For the assay of extracts from pseudo-diploid strains, UBC4 pre-mRNA was pre-incubated for 20 min in 60 uL reactions. Mutant PRP43 protein was added to block release of the excised intron and allow accurate quantification of all splicing species associated with the HA-tagged PRP8. Intermediates associated with PRP8-HA were immunoprecipitated with αHA antibody conjugated to protein-A Sepharose (Sigma) (25 uL slurry in IPP150 (10 mM Tris-HCl pH 8; 150 mM NaCl; 0.01% NP-40 substitute (Fluka)) ). Beads were incubated with the splicing reactions for 90 min at 4°C, washed 3 times with 10 volume equivalents of IPP150, RNA was extracted with phenol/-chloroform-isoamyl alcohol and separated by 15% denaturing PAGE.

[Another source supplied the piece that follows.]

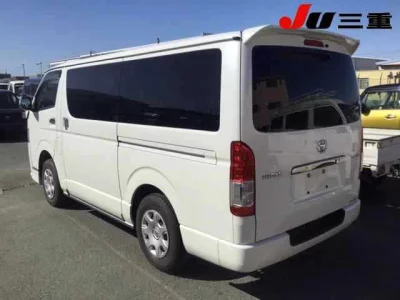 Toyota HiAce Van
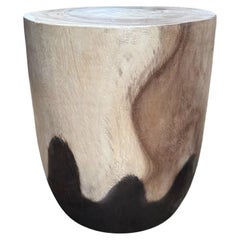 Tavolino rotondo in legno massiccio di mango, moderno organico, finitura naturale e bruciata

For the exon ligation assay, the labeled 5′ portion of the ACT1 pre-mRNA was pre-incubated for 30 min in 10 μL splicing reactions. Exon ligation was initiated by addition of the 3′ portion of the ACT1 RNA substrate to splicing reactions and incubation was then continued for 10, 20, 30 and 60 min. The exon ligation product was amplified by RT-PCR and its identity was confirmed by sequencing. Quantifications were performed using ImageQuant (Molecular Dynamics).